Today, last day of class, the final is over, and I think to myself, “ok, let’s talk about the Monty Hall problem.” (Knowing what the problem is is necessary to understanding this post.) I bring the requisite bowls and candy prizes.
“Who wants to play?” I ask, and J raises her hand. They don’t know the rules yet. I just say, “One of these three doors (bowls) has a tootsie-roll pop in it. If you guess which one, you get to keep the candy!”
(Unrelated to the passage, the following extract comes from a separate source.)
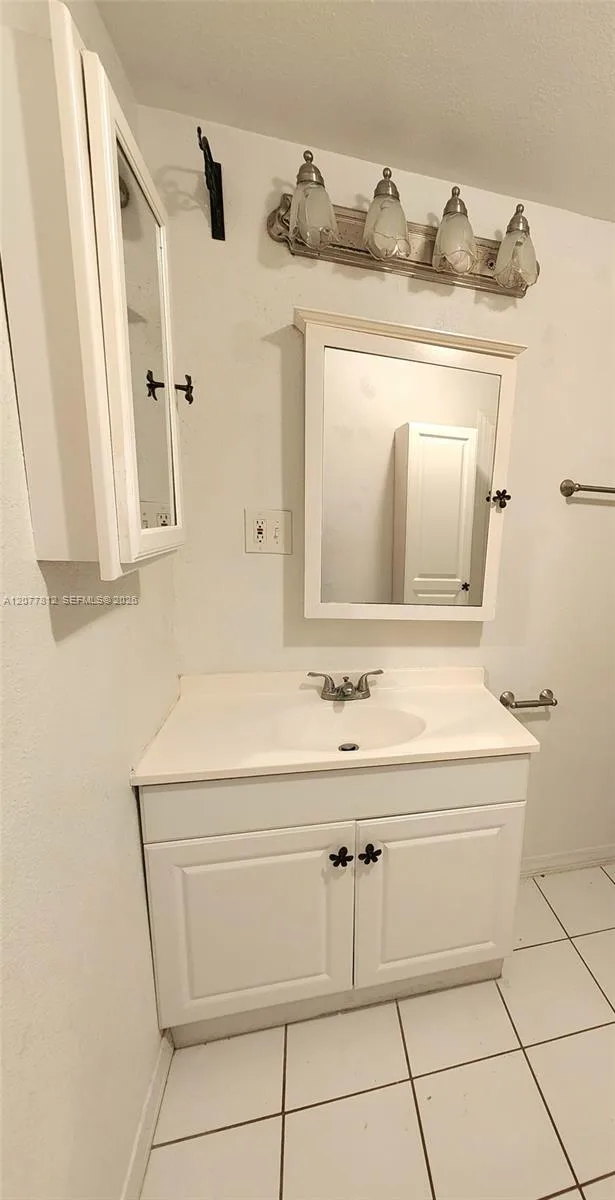 4222 Hibiscus Cir # House, West Palm Beach, FL 33409 photo 6
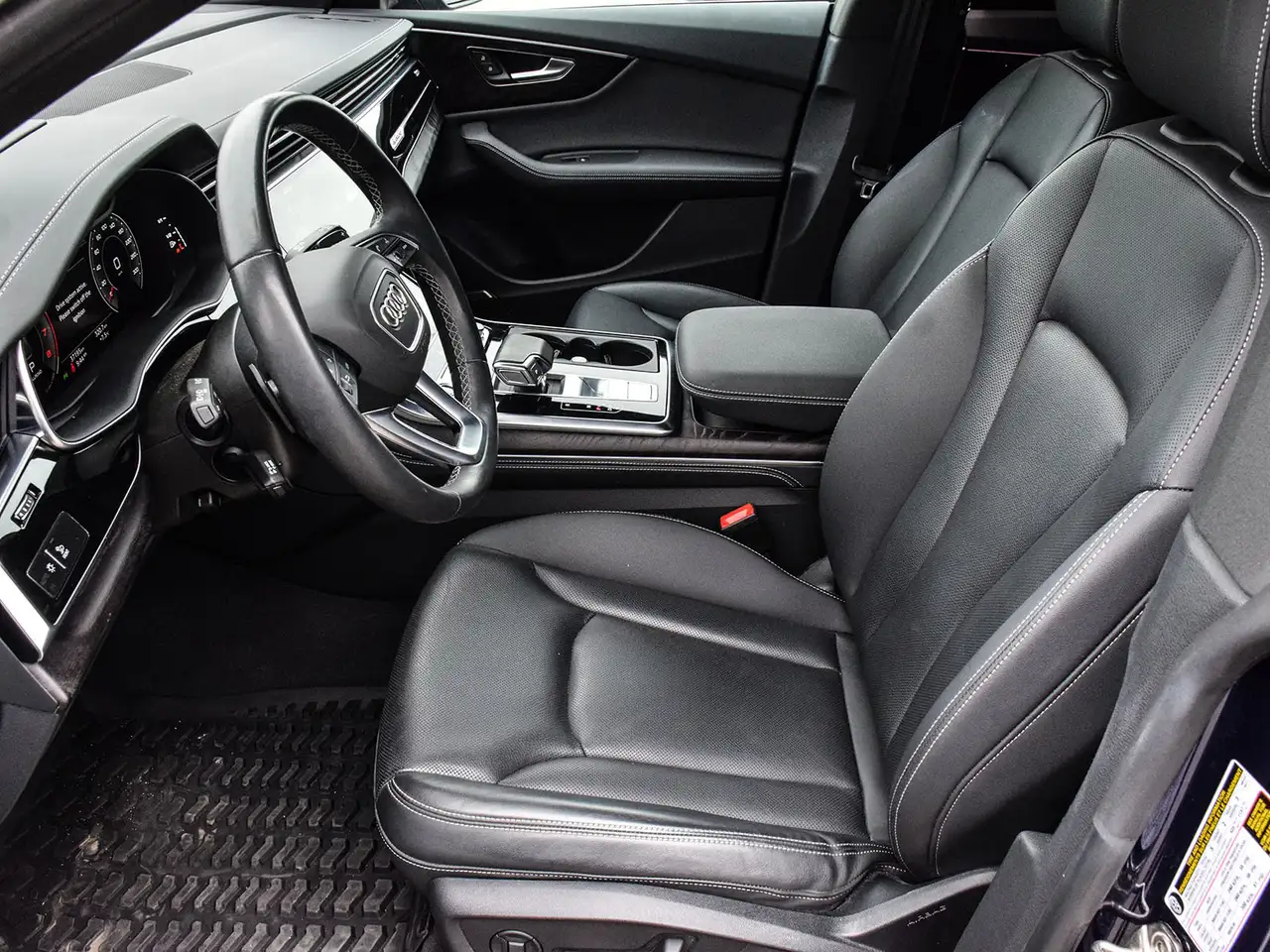Audi Q8 снимка Audi Q8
So she guesses, and gets it right, and I give her the lolly pop, arcing it to her desk.
“Who else wants to play?” More hands go up, and we play several more times with this simple rule. ”What’s the probability of winning?” I ask, and they easily respond with some form of one third.
On the fifth round, L is playing, and she makes her choice. I say, “L, your guess was as good as any other. But I want to give you another chance. I will show you that this bowl over here <lifting bowl> is empty!” She, and the rest of the class, stare at me blankly. ”Do you want to keep your original guess, or switch!?” I say this channeling Regis Philbin on the $500,000 question. She stays. ”Is that your final answer?” She says that it is, and with a flourish I show her that she is right; she’s won the candy! Congratulations! Congratulations all around!
We play again. I stop after showing an empty bowl to ask about the odds of the last two unknown bowls, and the entire class is quite confident that there is a 50% chance that the candy is under bowl 1, and a 50% chance that the candy is under bowl 2. This is intuitively obvious and not true.
Excellent.
They still don’t see anything fishy when we play another time, and again I ask about the chances of the bowls. I say, “So, when you chose at first, you had a 1/3 chance of winning. Now you say that the same bowl you picked has a 1/2 chance of winning. How could flipping over an empty bowl over here improve the chances that this bowl is a winner?” The students sort of stammer – they aren’t fluent in this language and don’t have the vocabulary to convince me that it’s true. A student in the back starts to give an example.
He says, “Imagine if you had fifty bowls,” and I immediately whirl around and draw 50 bowls on the board. It takes a long time, and I make a spectacle out of it.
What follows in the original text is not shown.